不过半盏茶的功夫,那把铜锁就被铁匠撬开,江沼没急着打开,抱着匣子从里出来,直接上了马车。
二少爷便问她,“表妹可有想去的地儿?”
江沼掀开车帘探出头,朝前头的街口望了一眼,一口气说出来好多个地儿。
都是姑娘家喜欢的。
珠宝铺子,胭脂铺子,绢布铺子。
江陵天子脚下规矩多,姑娘不如芙蓉城这边来去自由。
自从江沼走出了被自个儿困住的笼子,心头那占了十年的位置,突然一腾空,余出了好一大块地儿,也有功夫为自个儿想了。
江家这些年皇恩正浓,从不缺钱。
不再去贪那权势,不勉强别人的感情,花些皇家的钱,她倒是能花得心安理得。
两条命的恩情难还。
比起感情上的补偿,金钱的补偿要简单得多。
皇家给的轻松,她花得也轻松。
沈霜这回才是真长了见识。
那铺子里的东西就似是不要钱一般,只要是看上眼的,江沼就让包起来,沈霜哪里见过有人这么花银子的。
“表妹仔细着瞧,别买了回去又不喜欢,可就不值。”沈霜到了最后,在乎的就不是江沼买了什么东西,而是心疼花了多少银子。
江沼笑了笑说无碍,“高兴过便是值了。
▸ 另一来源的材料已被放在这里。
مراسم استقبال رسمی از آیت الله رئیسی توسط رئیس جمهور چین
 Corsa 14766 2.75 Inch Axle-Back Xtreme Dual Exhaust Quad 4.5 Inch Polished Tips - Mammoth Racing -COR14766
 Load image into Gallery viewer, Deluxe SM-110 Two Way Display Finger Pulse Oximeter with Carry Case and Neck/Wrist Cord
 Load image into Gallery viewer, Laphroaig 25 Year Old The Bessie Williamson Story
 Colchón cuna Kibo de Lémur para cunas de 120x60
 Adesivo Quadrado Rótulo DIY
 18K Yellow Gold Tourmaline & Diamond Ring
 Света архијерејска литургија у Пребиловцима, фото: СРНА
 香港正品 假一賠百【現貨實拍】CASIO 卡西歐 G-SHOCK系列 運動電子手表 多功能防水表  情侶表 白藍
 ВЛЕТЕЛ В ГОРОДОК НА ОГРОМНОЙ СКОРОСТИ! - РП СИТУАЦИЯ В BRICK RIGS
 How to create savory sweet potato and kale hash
”
十年来,她头一回为了自己而活,为取悦自己而高兴。
有何不值。
沈颂回来搬东西时,瞧见江沼怀里的绢布遮了她半边脸,一时也愣住,半开玩笑地说道,“表妹今儿可出息了,不知道的,还以为是我沈家置办嫁妆呢。”
江沼“噗嗤”一声,一弯笑容,梨涡浅现,如雪地里的一抹暖阳,经久不见,明媚地让人移不开眼。
身旁素云呆呆地看着她一阵,突然就背过身,将眼眶里泛出的泪抹了个干净。
她不记得小姐有多久没笑过,只觉得此时那笑容虽美,却很生疏。
“表妹若是再买,我可就得回去重新牵一辆马车出来,要不咱换个地儿吧。”沈颂说芙蓉城里的戏曲在陈国数一数二,来过芙蓉城的人,谁不去听一回,先不说曲儿好不好听,就戏班子里那套变脸的戏法,甚是有趣。
江沼便起了兴致应了声,“成。”
大街上白茫茫的白雪,行人并不多,一进戏楼,满屋子的人也不知是从哪里钻了出来,坐了个满席。
二少爷托人订了楼上的雅座。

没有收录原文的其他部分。